Celebramos hoy Pentecostés, la Pascua del Espíritu, el cumplimiento de la promesa de Jesús; el Espíritu que nos congrega en una misma comunión desde nuestra fe en Jesús y el Espíritu que nos va a hacer sentir de una manera nueva esa presencia de Jesús; el Espíritu de la Verdad que Jesús nos había prometido que nos lo revelaría todo, pero es el Espíritu que nos abre las puertas a nuevos horizontes y nos pone en camino porque con su fuerza hemos de ir haciendo el anuncio de la salvación a todos los hombres.

Es el Espíritu que ha construido la Iglesia cuando a todos nos ha congregado en unidad pero es el Espíritu que sigue conduciendo los caminos de la Iglesia y los caminos de todos los que creemos en Jesús para ser testigos en medio del mundo; es el Espíritu de sabiduría y de fortaleza para saber mantener encendida esa lámpara de nuestra fe en nuestros corazones y en medio del mundo; el Espíritu que un día condujo los pasos de María para que llegara hasta las montañas de Judea porque con su presencia todo se llenaba de Dios y es el mismo Espíritu que sigue conduciendo nuestros pasos para llenar también de la presencia de Dios nuestro mundo disipando toda sombra de tiniebla; es el Espíritu que nos libera de todas las ataduras como había anunciado Jesús en la sinagoga de Nazaret, pero que nos envía por el mundo con ese poder de liberación, con ese poder del perdón porque es el camino de la reconciliación para lograr un mundo nuevo.

Necesitamos la fuerza del Espíritu para convertirnos de verdad en testigos, testigos de la verdadera liberación, testigos que no queremos puertas cerradas sino que vamos a proclamar que con esa libertad podemos ir, vamos a ir con las puertas abiertas al encuentro de nuestros hermanos y de nuestro mundo.
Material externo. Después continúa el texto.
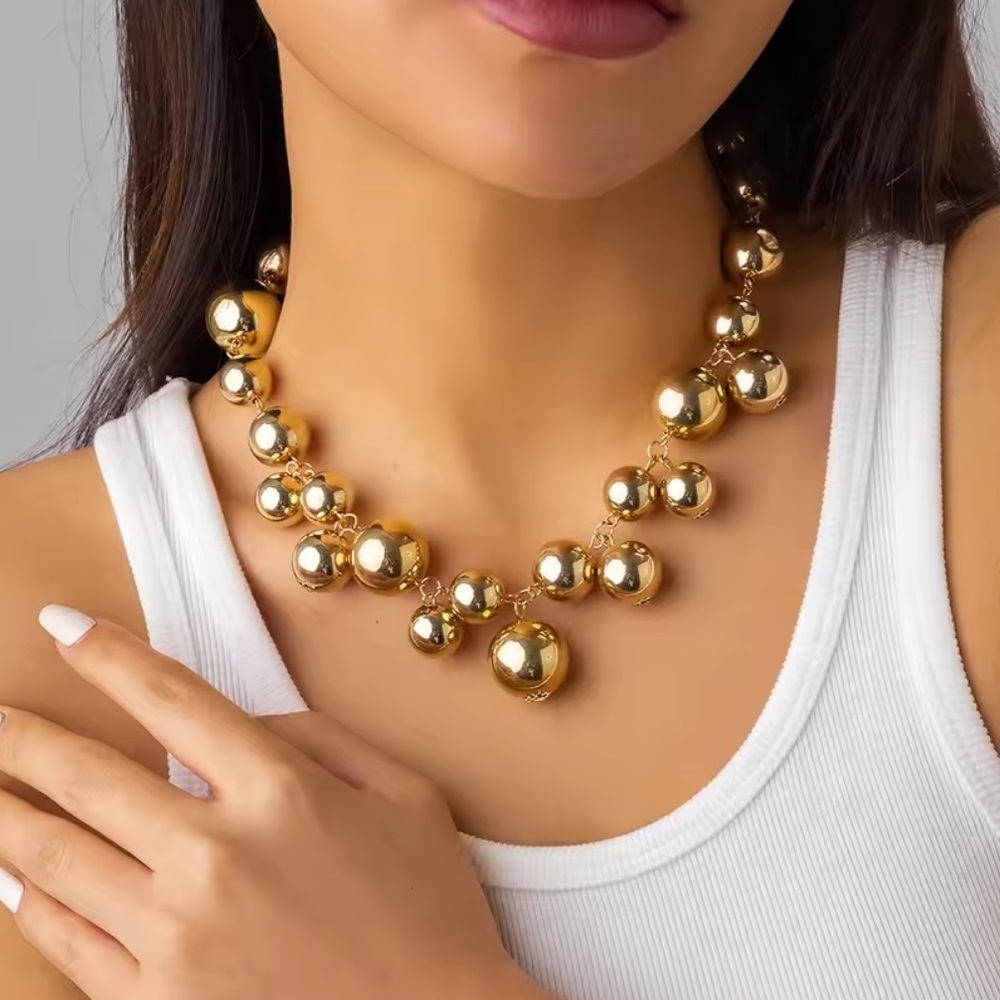 Anthro gold ball adjustable unique Gold Beaded Necklace - Picture 2 of 5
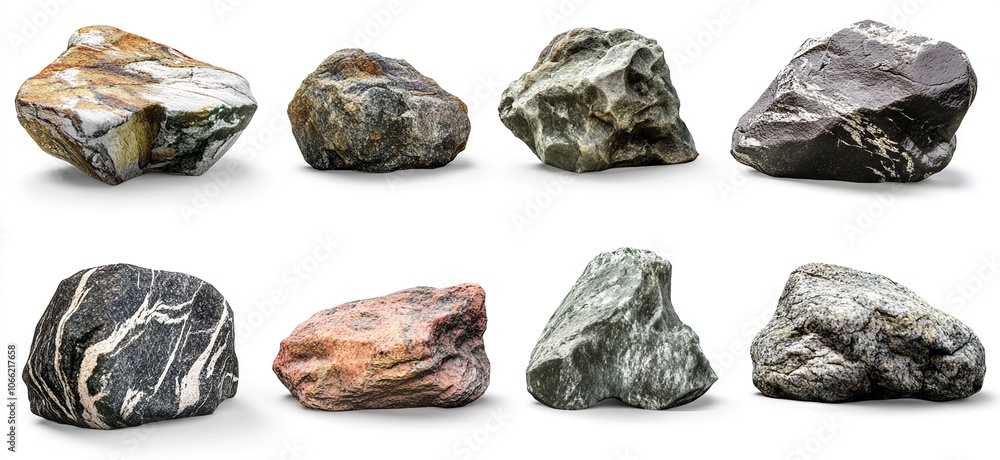 Eight smooth, colorful, and textured rocks isolated on white background. Eight smooth, colorful, and textured rocks isolated on white background.
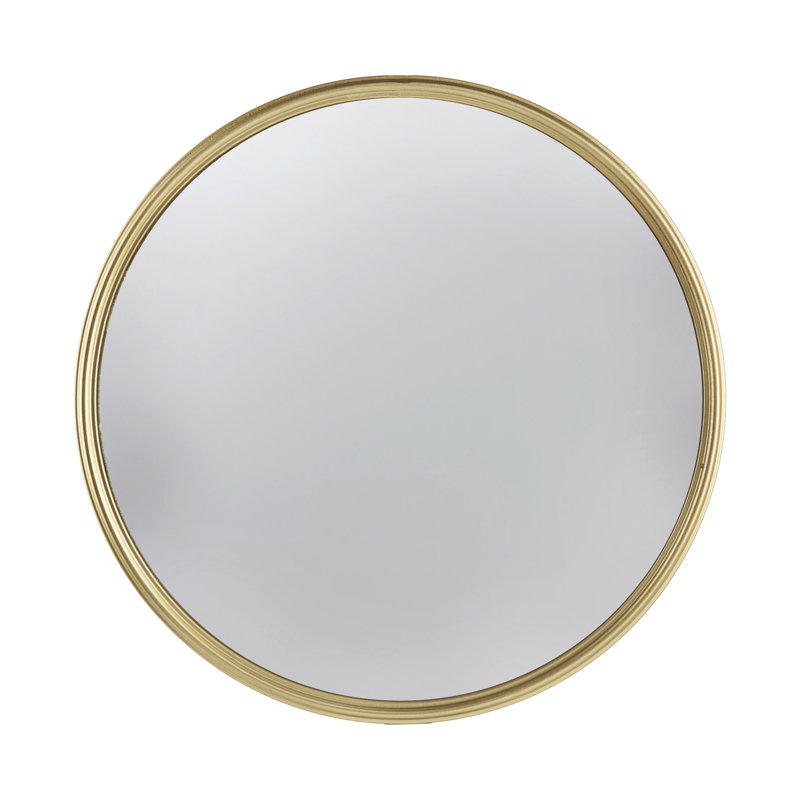 Miroir 15 po avec contour doré et cadre en fer, 15 po x 15 po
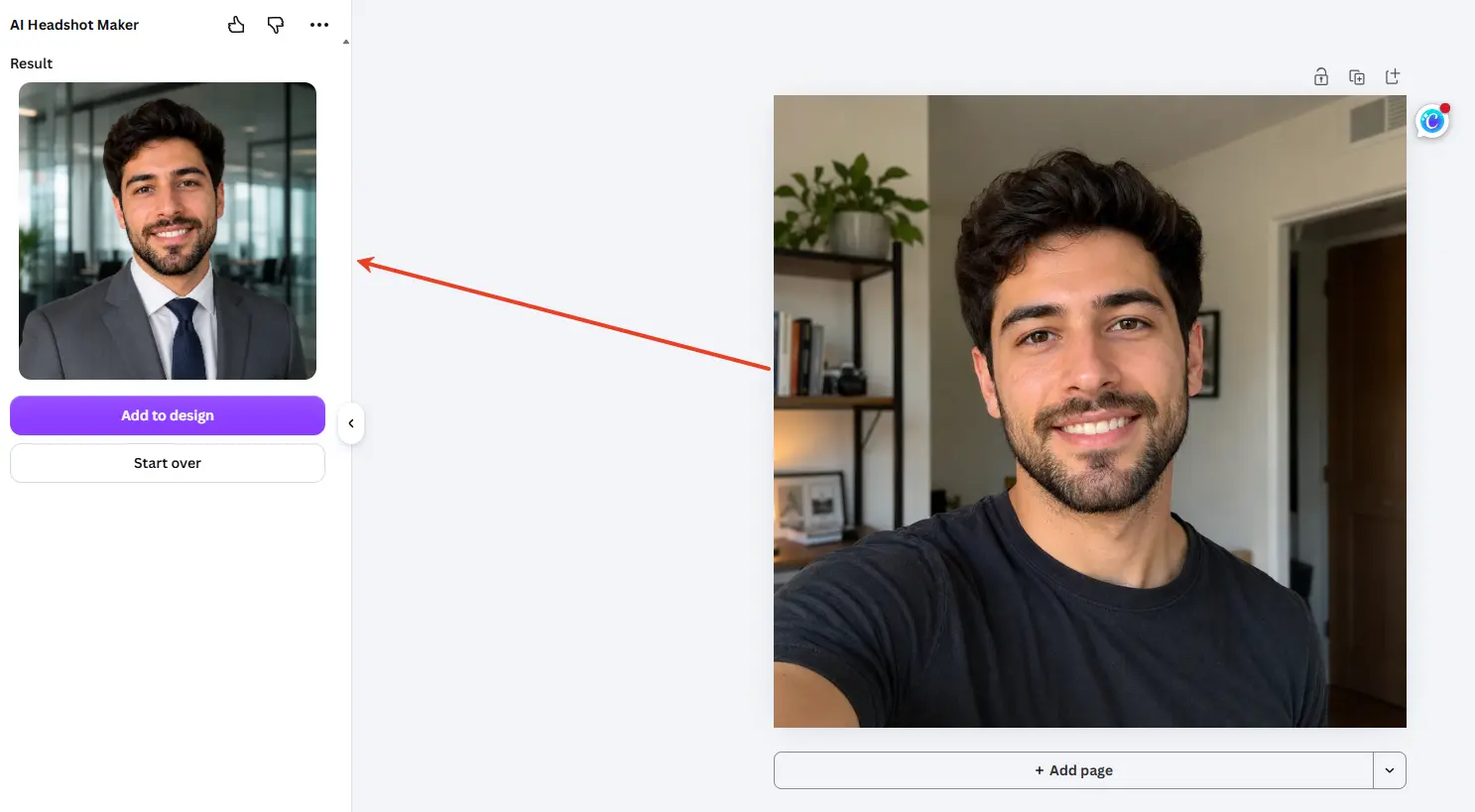 canva ai headshot generator review with an original selfie and professional result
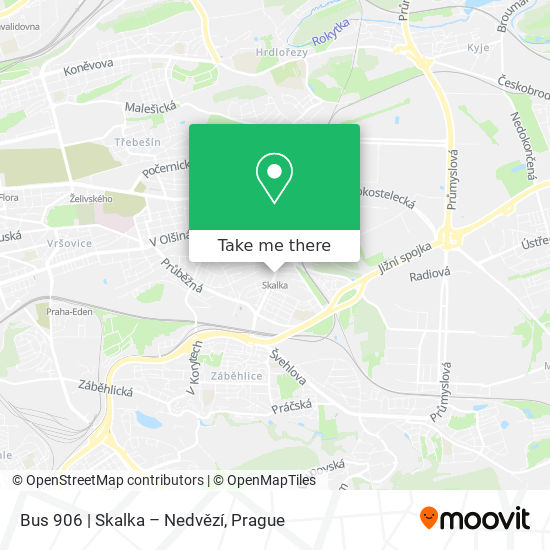 Карта Bus 906 | Skalka – Nedvězí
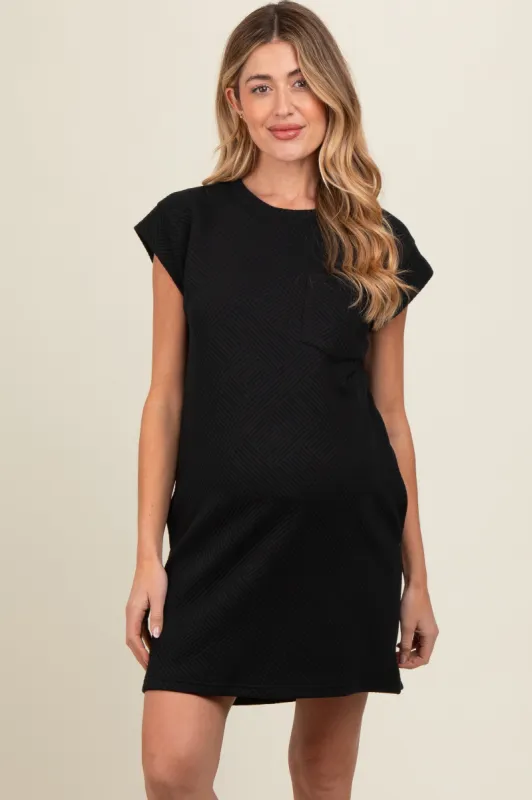 Black Front Pocket Line Textured Short Sleeve Maternity Dress sold by Pinkblush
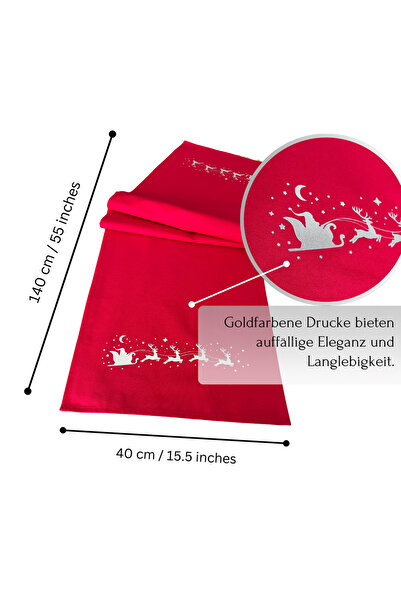 Atölye No 35 Weihnachtlicher Tischläufer Rot Mit Santa&rentier Golddruck 40x140 Weihnachtsdeko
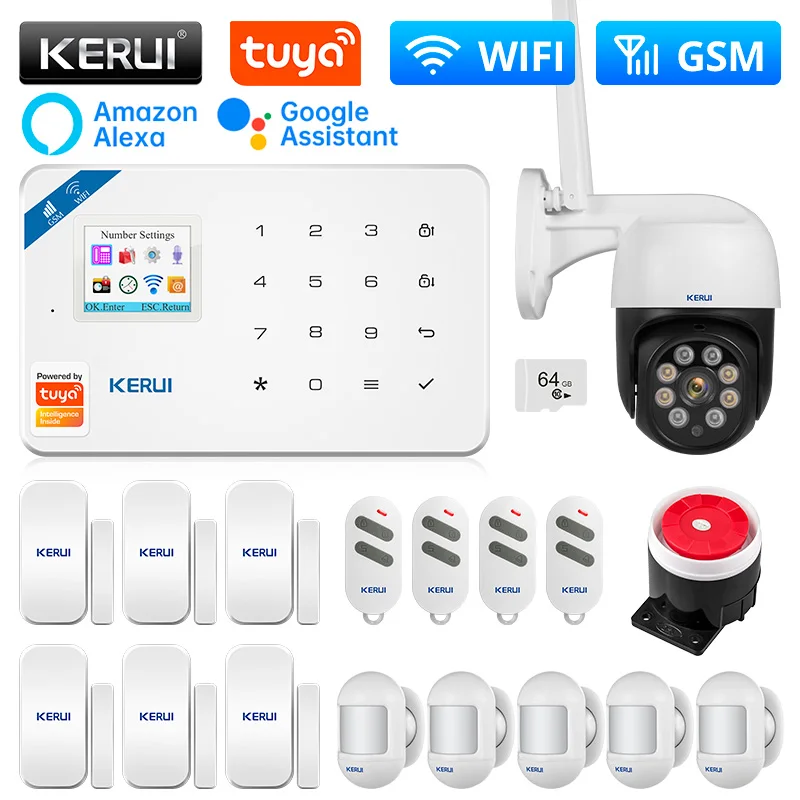 

KERUI W181 домашняя система безопасности WIFI GSM сигнализация Поддержка Alexa Tuya умный датчик движения датчик двери проводная сирена камера безопасности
Es la acogida de nuestros corazones, pero son esos nuevos pasos que damos al encuentro de nuestro mundo con todas sus sombras y sufrimientos a los que queremos llevar una nueva luz.

Testigos de esa Iglesia de puertas abiertas porque llevamos un nuevo amor en nuestro corazón y vamos a ir mostrando con ese nuevo amor podemos alcanzar la verdadera liberación que nos ofrece Jesús; no podemos ser nunca una iglesia de puertas cerradas, no podemos encerrarnos los cristianos con ningún miedo que nos acobarde – desterremos para siempre todo miedo y toda cobardía -, tenemos con nosotros la fuerza del Espíritu que es la fuerza de la verdadera libertad.